En Europe, Bernadette Chirac — dont le mari disait « Ma femme est un homme politique » — a en effet longtemps œuvré pour les hôpitaux français. A chaque nouveau président français élu, l’épouse de ce dernier se lance dans une action sociale de grande ampleur. En Afrique, les Premières dames ont elles aussi, ces dernières années, pris une nouvelle dimension. Et la crise de la Covid-19 a accentué ce virage vers de grandes causes : Marième Sall, Chantal Biya ou encore Antoinette Sassou Nguesso, Denise Tshisekedi et Dominique Ouattara… Toutes sont à la têtes de fondations ou d’ONG. Dons de matériel pour lutter contre la Covid-19 (masques chirurgicaux, gel hydroalcoolique ou matériel médical), distributions de vêtements et de nourriture… Telles des ambassadrices, les Premières dames africaines jouent leur partition, de façon à promouvoir un peu plus l’action de leurs présidents de maris.
En public, des ambassadrices. Mais dans l’ombre, ces Premières dames sont restées des pièces maîtresses de l’échiquier politique. Pas aussi directives que Simone Gbagbo, certes, mais les épouses de présidents continuent de jouer des rôles de médiatrices de l’ombre. On l’a vu avec Dominique Ouattara qui, avant de s’entretenir avec Henriette Bédié, avait rencontré Tidjane Thiam, potentiel concurrent de son mari lors de la dernière présidentielle. En termes de communication politique, les Premières dames peuvent être un atout non négligeable pour les présidents.

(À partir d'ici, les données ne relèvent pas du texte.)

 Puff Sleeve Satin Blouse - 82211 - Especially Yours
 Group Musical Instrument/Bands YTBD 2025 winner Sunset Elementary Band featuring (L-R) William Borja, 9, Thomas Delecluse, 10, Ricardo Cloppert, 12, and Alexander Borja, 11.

Mais aussi un handicap : car quand elles ne jouent pas un rôle politique, les épouses se transforment en businesswomen. Surnommée « Leïla », en hommage à la femme du dictateur tunisien Ben Ali dont la famille pillait les ressources de la Tunisie, Dominique Ouattara est aussi un caillou dans la chaussure d’Alassane Ouattara. En cas de grogne, les peuples africains n’hésitent pas à balayer les dirigeants… et les Premières dames.